THIS POSTCARD from 1919 depicts the village of Gajary in the Záhorie region, situated close to a border crossing to Austria on the Morava River. This strategic geographic position once made the village a busy place, at least from time to time, as a commercial route from the nearby town of Malacky led through the town.
In the past, traders used to drive herds of swine through Gajary to sell in Austria. And many people from Záhorie used to sell vegetables in Vienna until as recently as the 1940s. When they wanted to offer their goods at Vienna’s morning markets they had to start their journey in the middle of the night.
During the period of what is now called the First Republic of Czechoslovakia (1918 - 1938), crossings on the Myjava were watched by 'financial guards' who came from the Czech part of the country because the state authorities didn't trust local policemen. As there were smugglers at the border, numerous clashes took place on the bridge near Gajary. But according to rumours, even these financial guards could sometimes be bribed.

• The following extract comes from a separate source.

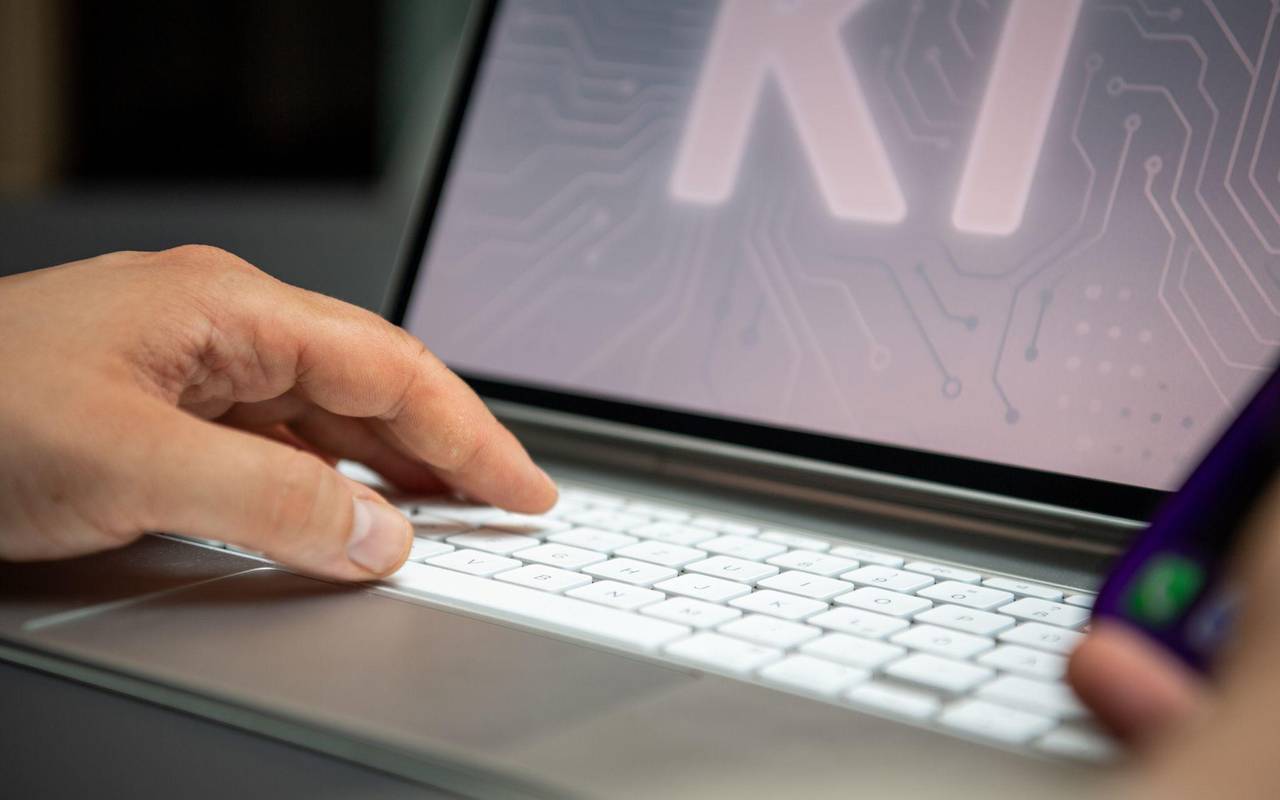Ein Mann nutzt einen KI-Assistenten auf einem iPad und iPhone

And there is one more point of interest connected with the village. In the 15th century, the Bratríci, or Bohemian Brethren, a Christian denomination inspired by the doctrine of Czech clergyman Jan Hus, settled near Gajary. They built a fort that was called Posádka (Garrison) that stood long after they had left.
The Brethren lived in Záhorie for quite a long time, which was a tragedy for a number of local settlements. The Czechs plundered the region and terrorised its poor inhabitants, leading to the near-abandonment of several villages, including Gajary.